Ce phare est constitué d’un bâtiment d’habitation carré en bois de deux étages entourant une tour de pierre de 9,15 mètres surmontée par une lanterne et un dôme. La beauté de son architecture est préservée et rappelle celle des phares de l'est du Canada. Le premier équipement catoptrique (lampe à réflexion simple), avec ses sept brûleurs Argand, est importé du phare d’Inchkeith en Écosse. Il fonctionne d’abord avec de l’huile de baleine, puis en 1840 on opte pour l’huile de phoque jusqu’à sa conversion au kérosène en 1874. Au début des années 1910, la lanterne est remplacée par une lumière dioptrique, c’est-à-dire à lentille, jusqu’à ce que l’électricité soit instaurée en 1929.

Le nouveau phare du cap Spear
© Parcs Canada

Emmanuel Warre a été le premier gardien du phare, poste qu’il occupe jusqu’à sa mort en 1846. Ensuite, James Cantwell, qui est recommandé par la Couronne, et ses descendants prennent soin de l’endroit jusqu’en 1952. Le phare doit subir diverses modifications au cours de son existence, notamment à la suite des nombreuses tempêtes qui l’endommagent ou parce que la famille du gardien s’agrandit.

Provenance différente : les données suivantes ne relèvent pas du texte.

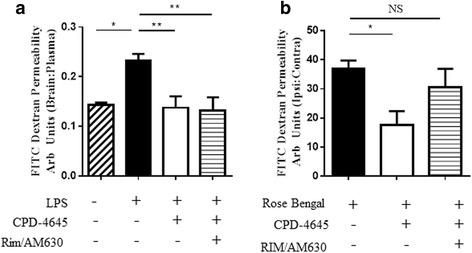 CPD-4645 rescues BBB integrity via endocannabinoid dependent and independent mechanisms. Blockade of endocannabinoid signaling with rimonabant and AM630 (3 mg/kg) does not reverse the BBB protective effects of MAGL inhibition in the inflammation-driven LPS model (a), whereas blockade of endocannabinoid signaling partially reverses the protective effects of MAGL inhibition (administered 30 min post lesion) in the photothrombotic ischemia-driven model (b) as measured by extravasation of 70 kDa FITC-dextran into the brain parenchyma. Data were plotted with means ± SEM (n = 6–9 mice/group) and analyzed with one-way ANOVA with Bonferroni’s post-hoc test. Significance is shown as *p ≤ 0.05, **p ≤ 0.01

Le site joue un rôle important dans la défense de l’Amérique du Nord durant la Seconde Guerre mondiale. Entre 1941 et 1945, des garnisons des forces canadiennes et américaines y installent un fort militaire. Sa position stratégique permet de protéger l’accès au port de St-John et de défendre les convois transportant des marchandises. De nos jours, on y trouve des vestiges de cette période, dont deux emplacements pour des canons et des passages souterrains donnant accès à un bunker en béton.

Cet ancien phare a été remplacé par une tour moderne en 1955. Aujourd’hui, on y conserve des objets anciens qui documentent la vie familiale d’un gardien de phare au 19e siècle. En raison de son âge et de son architecture, l’ancien phare du Cap-Spear a été désigné lieu d’importance historique nationale en 1962.